Hi @Concord gioz: Regarding the edits made about Harvard: Please note that Fast Company states that "Harvard didn’t offer a student directory with photos and basic information, known at most schools as a face book. Zuckerberg wanted to build an online version for Harvard, but the school “kept on saying that there were all these reasons why they couldn’t aggregate this information,” he says. “I just wanted to show that it could be done.” So one night early in his sophomore year, he hacked into Harvard’s student records". Furthermore, from The Harvard Crimson itself: "Everyone’s been talking a lot about a universal face book within Harvard,” Zuckerberg said. “I think it’s kind of silly that it would take the University a couple of years to get around to it. I can do it better than they can, and I can do it in a week.” LocalNet (talk) 16:59, 27 June 2017 (UTC)

You've repeatedly deleted my edits that clearly show that Harvard did have a face book in the ~2003 timeframe. That TED Talk presented the page from the paper version that had Zuckerberg's face on it. In that same clip, this mayor of South Bend, Indiana (town of U Notre Dame) explains that he lived in the dorm next to Zuck's at Harvard. So he is clear that a paper face book existed.
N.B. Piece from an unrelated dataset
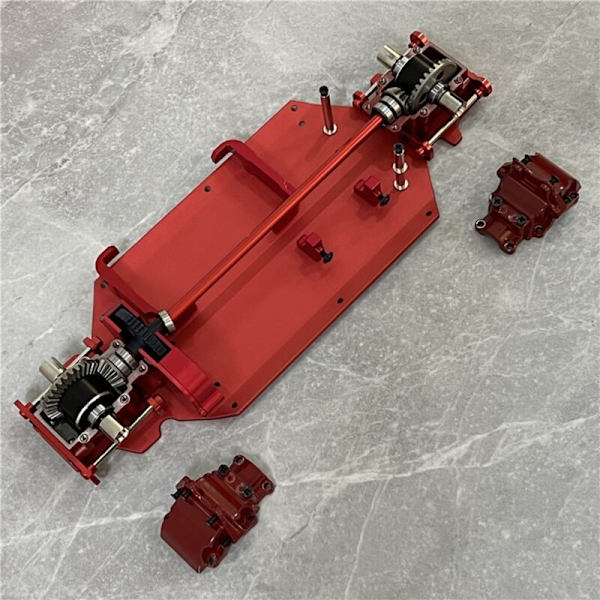 Metallchassis for 144001 144002 144010 1/14 Fjernkontrollbil Oppgraderingsdeler Tilbehør, 3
Now let's look at what was available online...
With the evidence of this paper version you've repeatedly rejected, your basis for doing so was the references you've provided in your post above. If you read your Crimson reference, you'll find this:
"Lisa H. Feigenbaum ’04 said that she joined thefacebook.com because it provided an open alternative to the password-protected House facebooks."
(Crimson article)
Your very own reference tells you that facebooks existed for various houses at Harvard.--Concord gioz (talk) 21:52, 27 June 2017 (UTC)
Hi again @Concord gioz: I want us to have a proper discussion around this. This is a pretty substantial edit, changing historical statements. That's why I have reverted you. The Harvard Crimson also states that "There is a project internally with computer services to create a facebook,” Davis said. “We’ve been in touch with the Undergraduate Council, and this is a very high priority for the College. We have every intention of completing the facebook by the end of the spring semester".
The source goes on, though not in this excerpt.